Extracted material Block Start
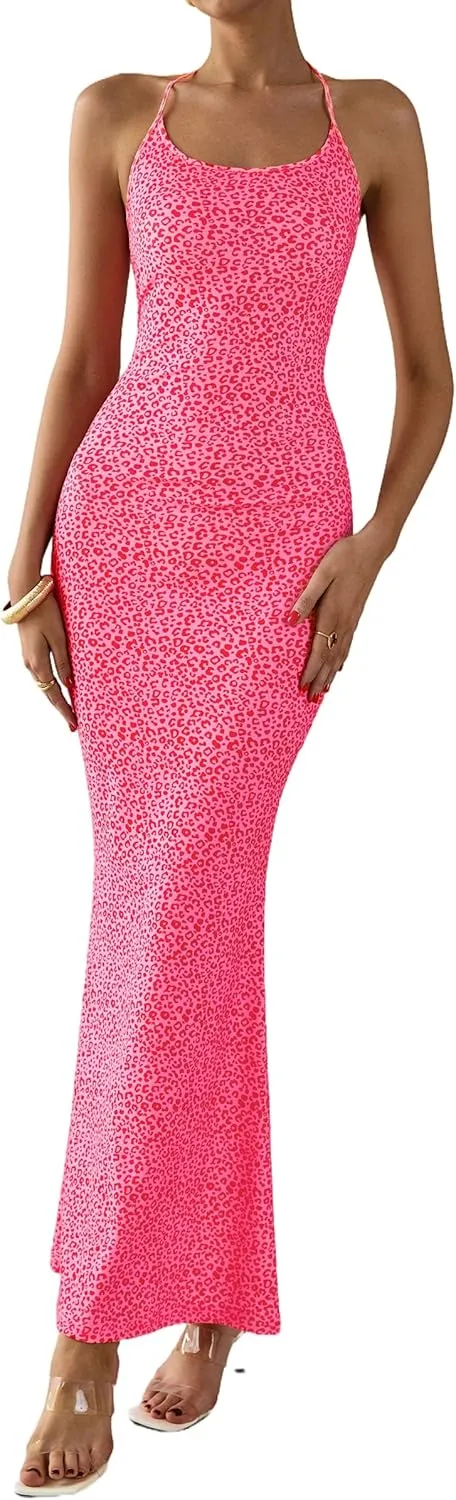 PRETTYGARDEN Maxi Dresses for Women 2025 Summer Halter Leopard Print Sleeveless Sexy Bodycon Cruise Cocktail Long Dress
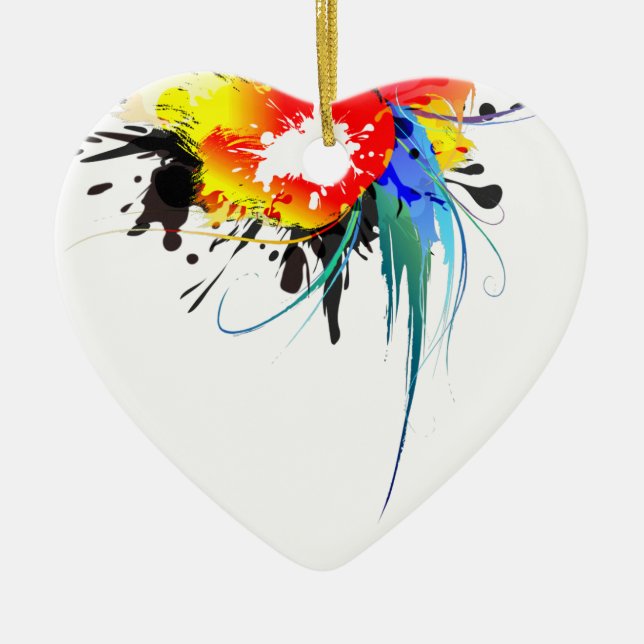 Abstract Wild Parrot Paint Splatters Ceramic Ornament (Front)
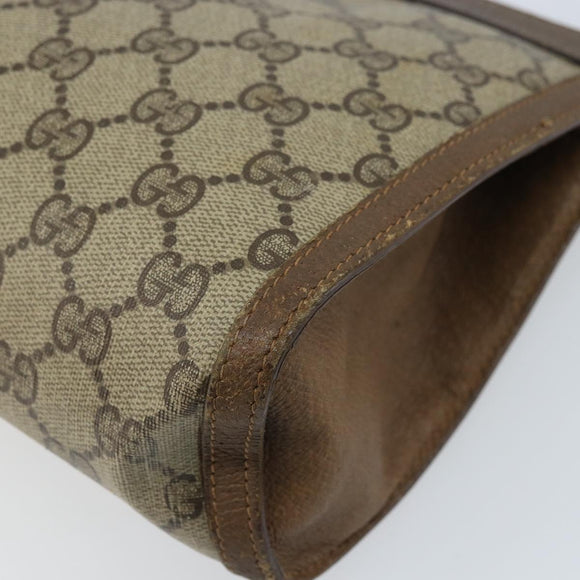 GUCCI GG Supreme Web Sherry Line Clutch Bag PVC Beige Gold 89 01 033 Auth 173882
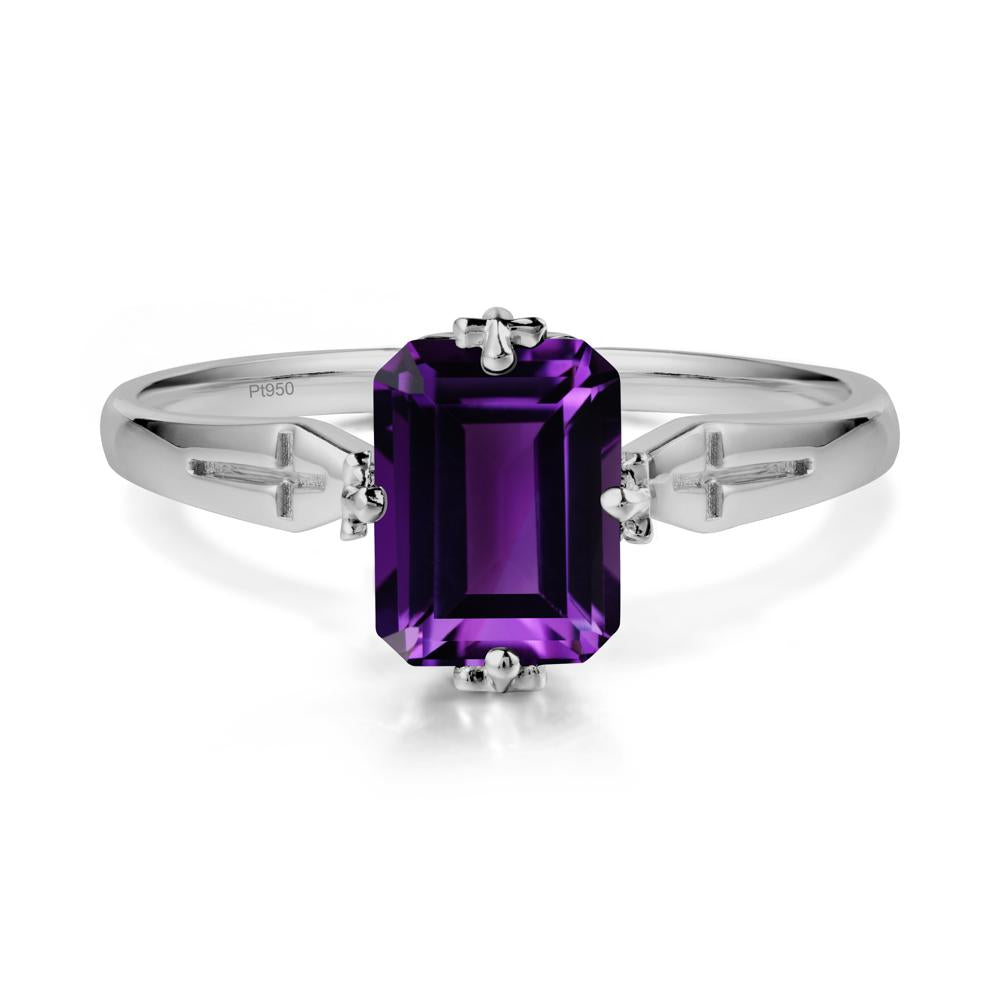 Halloween Emerlald Cut Amethyst Ring - LUO Jewelry #metal_platinum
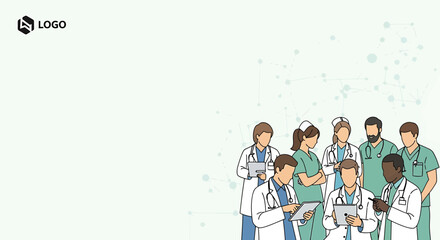 Obraz premium Diverse Medical Team Collaborating with Digital Tablets in Modern Healthcare Setting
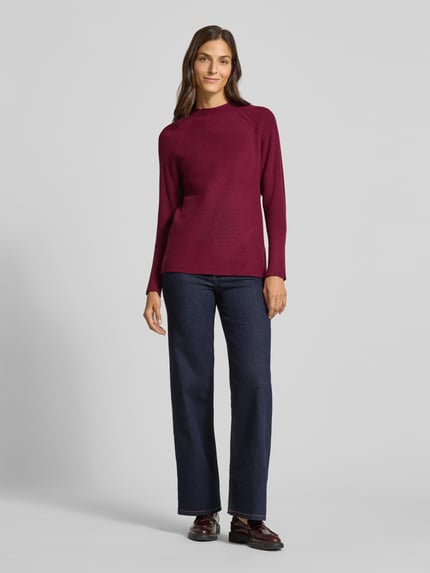 Soyaconcept Strickpullover mit gerippten Abschlüssen Modell 'KANITA' Bordeaux Melange 1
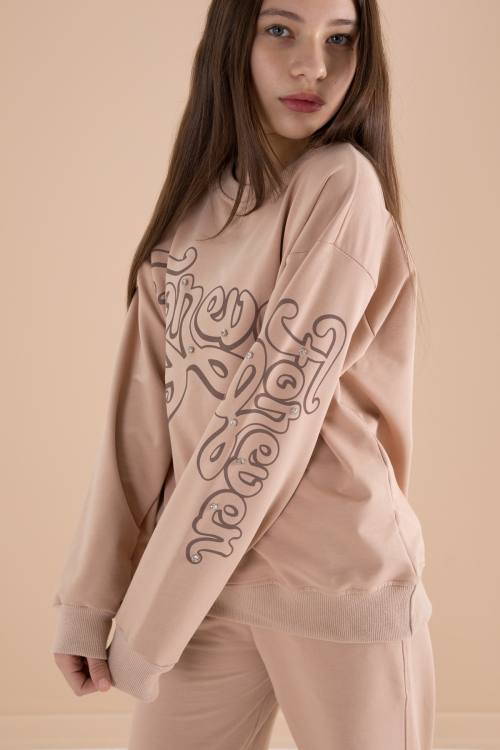 Bej Yazı Baskılı Kız Beli Lastikli Eşofman Takımı 19896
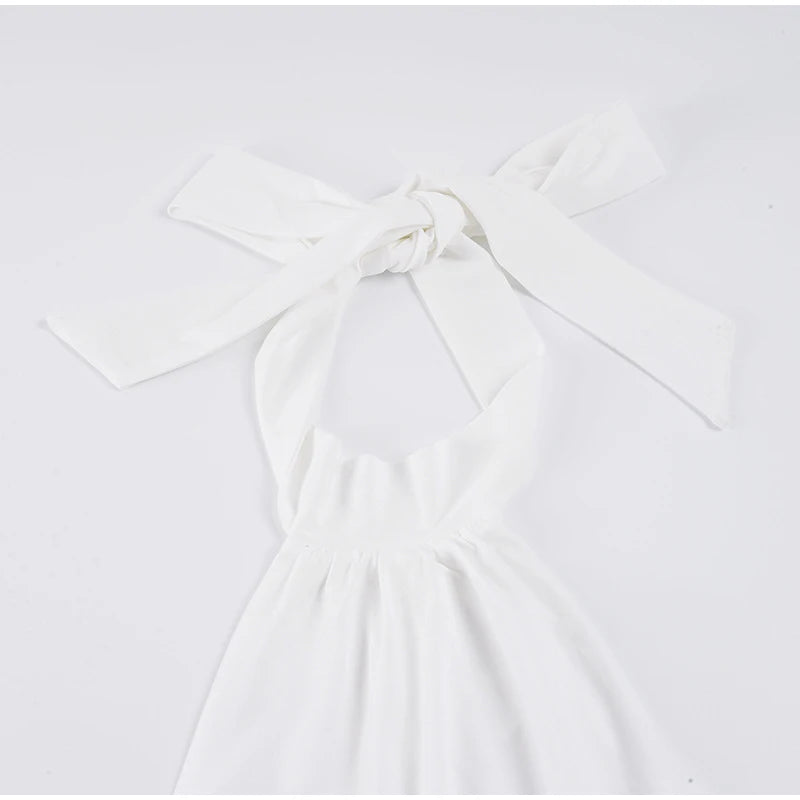 Lace Patchwork Halter Sleeveless Top Bow SLeeveless Tie Slim Fitted 2026 Summer Elegant Women Blouse Versatile Chic Lady Top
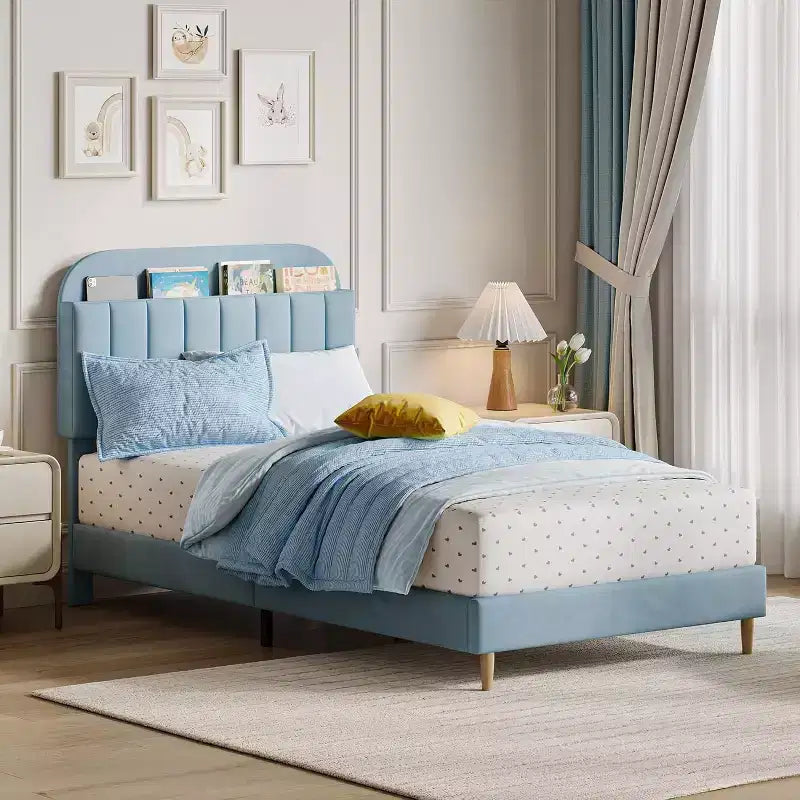 Double bed frame with bookshelf headboard, padded platform, children's bed frame, double bed size, slatted support, no spring mattress required.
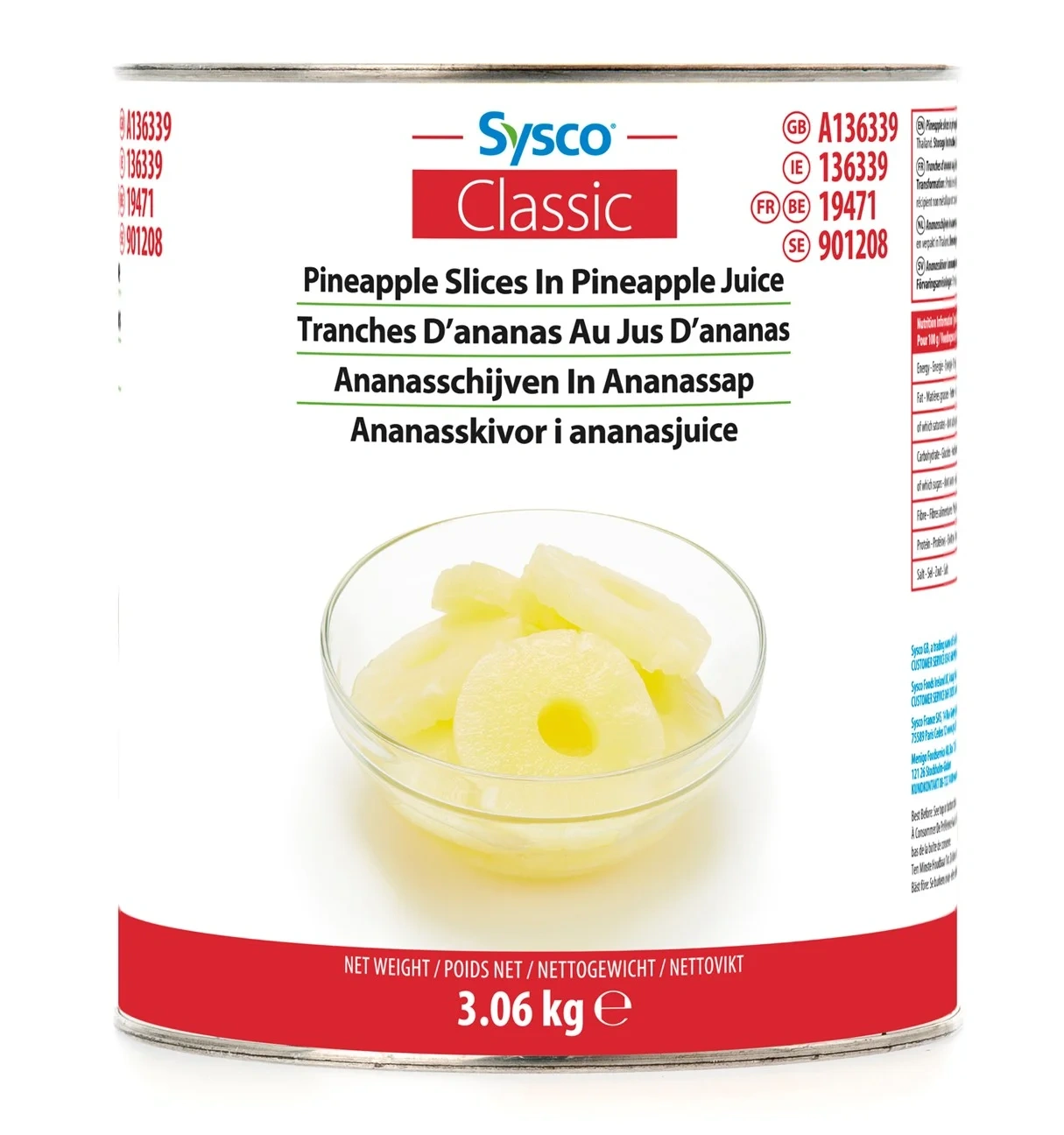 Ananas skivor i ananasjuice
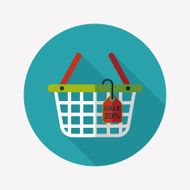 shopping basket flat icon with long shadow eps10 N42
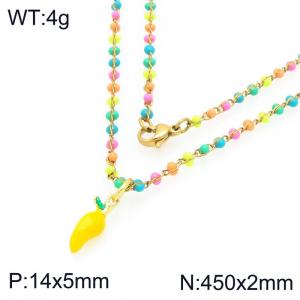 SS Gold-Plating Necklace - KN297724-Z
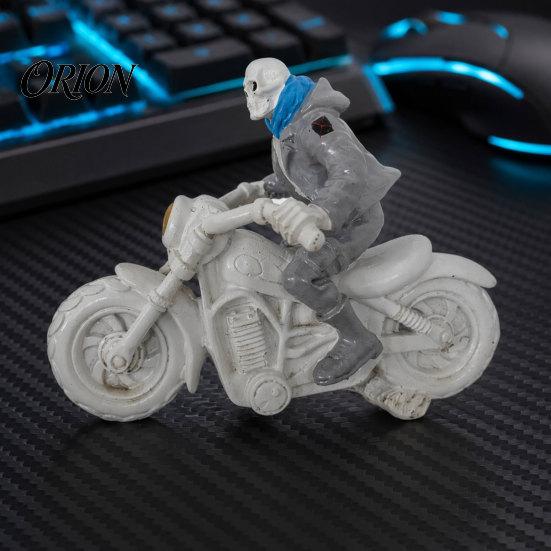 Motorcycle Hall Ornament Halloween Skeleton Ornament, Resin Figurines, Durable Matte Finish Boys Desktop Decoration Collectible Statue, for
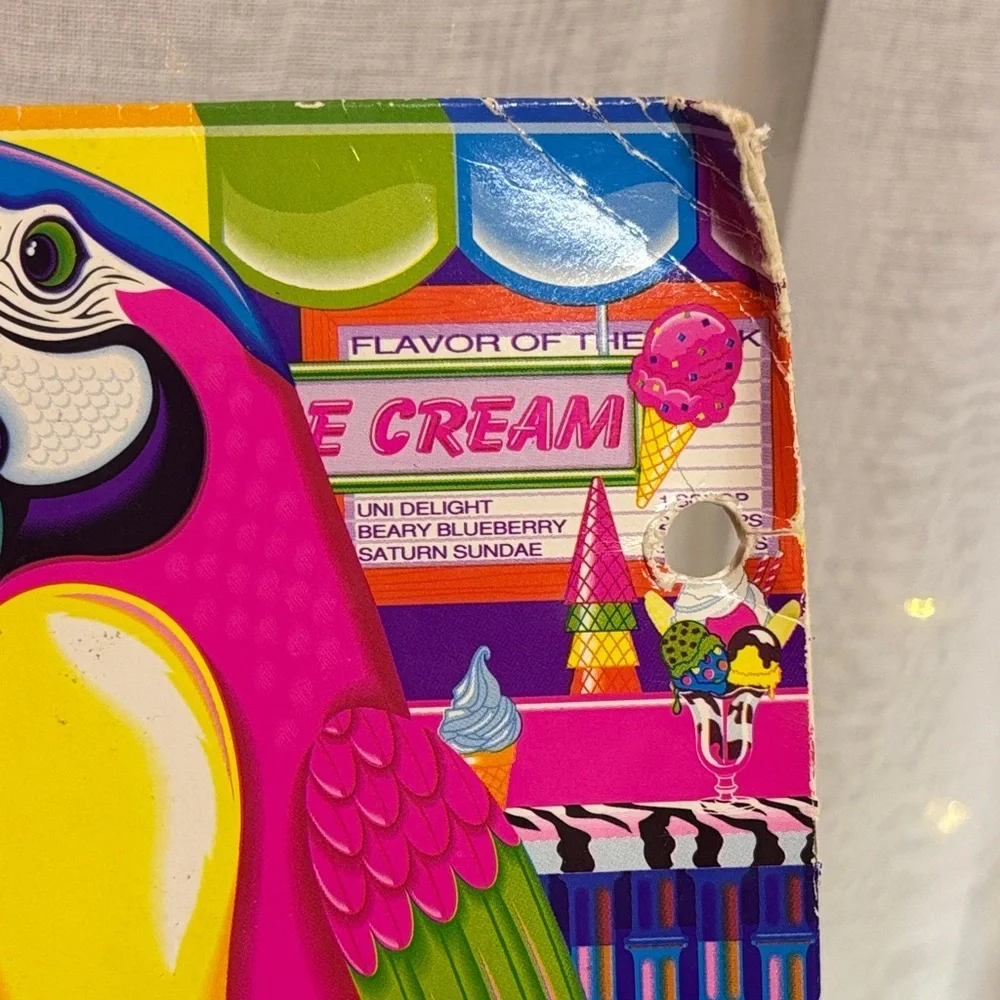 Vintage Lisa Frank Vibrant Turtle and Parrot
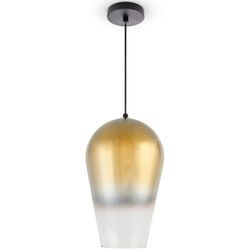 PACO HOME Pendelleuchte "DALIA", Esstisch Glas Lampenschirm Hängeleuchte Wohnzimmer Modern E27, Lampen, schwarz, Ø 22cm H: 35,4cm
Extracted material Block End
__What is expected__: An exact copy is required of the lines from the start of the records above through the line with "Halloween Emerlald Cut", and only those, without any pictures.

__Answer space__:
 PRETTYGARDEN Maxi Dresses for Women 2025 Summer Halter Leopard Print Sleeveless Sexy Bodycon Cruise Cocktail Long Dress
 Abstract Wild Parrot Paint Splatters Ceramic Ornament (Front)
 GUCCI GG Supreme Web Sherry Line Clutch Bag PVC Beige Gold 89 01 033 Auth 173882
 Halloween Emerlald Cut Amethyst Ring - LUO Jewelry #metal_platinum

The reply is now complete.